Tourmaline Oil’s third-quarter performance was mixed, with strong production metrics but disappointing financial results. The company achieved an average production of 634,750 barrels of oil equivalent per day, which was at the high end of its guidance. Liquids production increased by 4% quarter-over-quarter, demonstrating operational efficiency. However, the weaker-than-expected financial results highlight challenges in the current market environment.

Financial Highlights

  • Revenue: CAD 1.48 billion, down from the forecast of CAD 1.53 billion.
  • Earnings per share: CAD 0.49, below the expected CAD 0.82.
  • Cash flow for Q3 2025 was CAD 720 million.
  • Earnings for Q3 2025 totaled CAD 190 million.

Earnings vs. Forecast

Tourmaline Oil’s EPS of CAD 0.49 was significantly below the forecast of CAD 0.82, representing a negative surprise of 40.26%. This miss is notable compared to previous quarters, indicating a challenging period for the company. Revenue also fell short, with a 3.27% miss against expectations, underscoring the difficulties faced in meeting market forecasts.

Market Reaction

In response to the earnings miss, Tourmaline’s stock price decreased by 3.23% in after-hours trading. The stock’s decline reflects investor concerns over the company’s ability to meet financial expectations. The current price is closer to its 52-week low of CAD 55.40, highlighting the pressure on the stock amidst broader market trends.

Outlook & Guidance

Looking forward, Tourmaline has set a production guidance of 690,000 to 710,000 BOEs per day for 2026, with an expected cash flow of approximately CAD 4 billion and free cash flow of CAD 0.9 billion. The company is also targeting a 5% reduction in operating expenses in the Deep Basin and exploring opportunities in data center power generation.

Executive Commentary

CEO Mike Rose emphasized the company’s focus on cost reduction and operational efficiency, stating, "We’re targeting a 5% OPEX reduction in the Deep Basin next year." He also highlighted the potential impact of LNG Canada on market dynamics, noting, "LNG Canada will go from not doing anything in the first half of this year to doing close to and up to 2 billion cubic feet a day."

Risks and Challenges

  • Weak AECO and Station 2 gas prices, the lowest in 30 years.
  • Competitive pressures in the natural gas market.
  • Potential delays in LNG Canada impacting demand.
  • Volatility in global energy markets.
  • Execution risks associated with cost reduction initiatives.

Q&A

During the earnings call, analysts inquired about the potential sale of the Peace River asset and the company’s flexible capital spending approach based on gas prices. The management expressed interest in exploring data center power generation opportunities and remained optimistic about the positive impact of LNG Canada’s demand on market dynamics.

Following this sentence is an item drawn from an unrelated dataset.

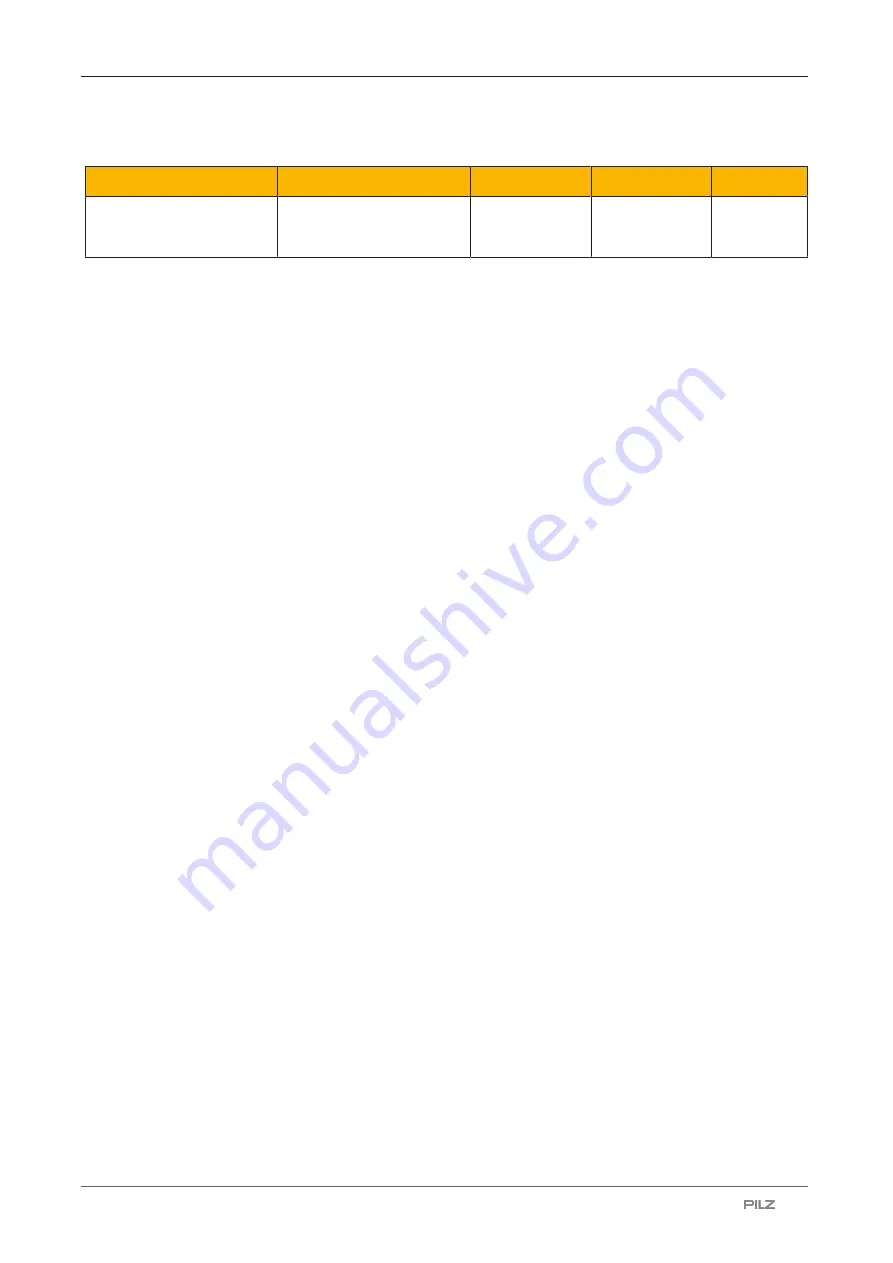 Pilz PSEN ma1.4-10 Operating Manual Download Page 22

Full transcript - Tourmaline Oil Corp. (TOU) Q3 2025:

Conference Call Operator: Good morning, ladies and gentlemen. Welcome to the Tourmaline Q3 2025 results conference call. At this time, all lines are in listen-only mode. Following the presentation, we will conduct a question-and-answer session. If at any time during this call you require immediate assistance, please press star zero for the operator. This call is being recorded on Thursday, November 6th, 2025. I would now like to turn the conference over to Scott Kirker. Please go ahead.

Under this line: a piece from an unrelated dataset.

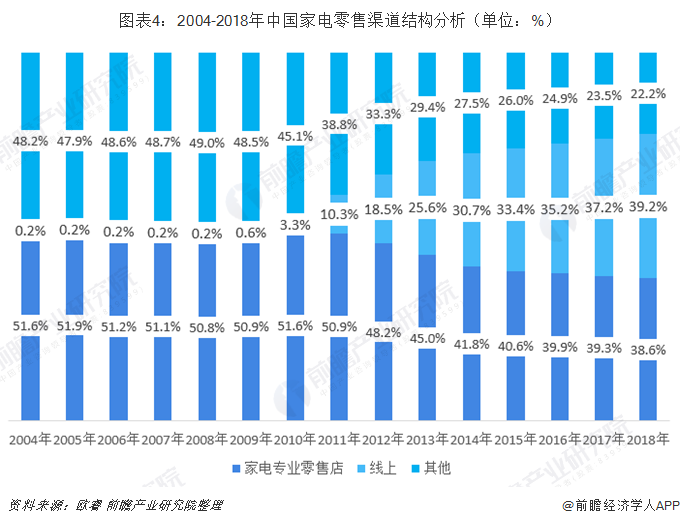 图表4：2004-2018年中国家电零售渠道结构分析（单位：%）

Scott Kirker, Chief Legal Officer, Tourmaline: Thank you, operator, and welcome everyone to our discussion of Tourmaline’s financial and operating results as of September 30, 2025, and for the three and nine months ended September 30, 2025, and 2024. My name is Scott Kirker, and I’m the Chief Legal Officer here at Tourmaline. Before we get started, I refer you to the advisories on forward-looking statements contained in the news release, as well as the advisories contained in the Tourmaline annual information form and our MD&A available on CDOR and on our website. I also draw your attention to the material factors and assumptions in those advisories. I’m here with Mike Rose, Tourmaline’s President and Chief Executive Officer; Brian Robinson, our Chief Financial Officer; and Jamie Heard, Tourmaline’s Vice President of Capital Markets. We’ll start with Mike speaking to some of the highlights of the last quarter and our year so far.

After his remarks, we’ll be open for questions. Go ahead, Mike.

Mike Rose, President and Chief Executive Officer, Tourmaline: Thanks, Scott, and thanks, everybody, for dialing in. We’re pleased to go through Q3 and then answer questions that you may have. A few highlights: Q3 2025 average production of 634,750 BOEs per day was at the high end of our anticipated guidance range of 625,000-635,000 BOEs per day, despite storage injections and shut-ins during the quarter. We’re pleased to announce that we have entered into a long-term natural gas storage agreement with AltaGas at their Dinsdale storage facility, and we view the addition of another large storage position as a strategic opportunity to enhance financial performance and strengthen operational flexibility in volatile natural gas price environments like we just went through this past summer. We’ve also entered into two short-term and one long-term LNG gas supply contracts, which complement our existing extensive portfolio, looking specifically at production.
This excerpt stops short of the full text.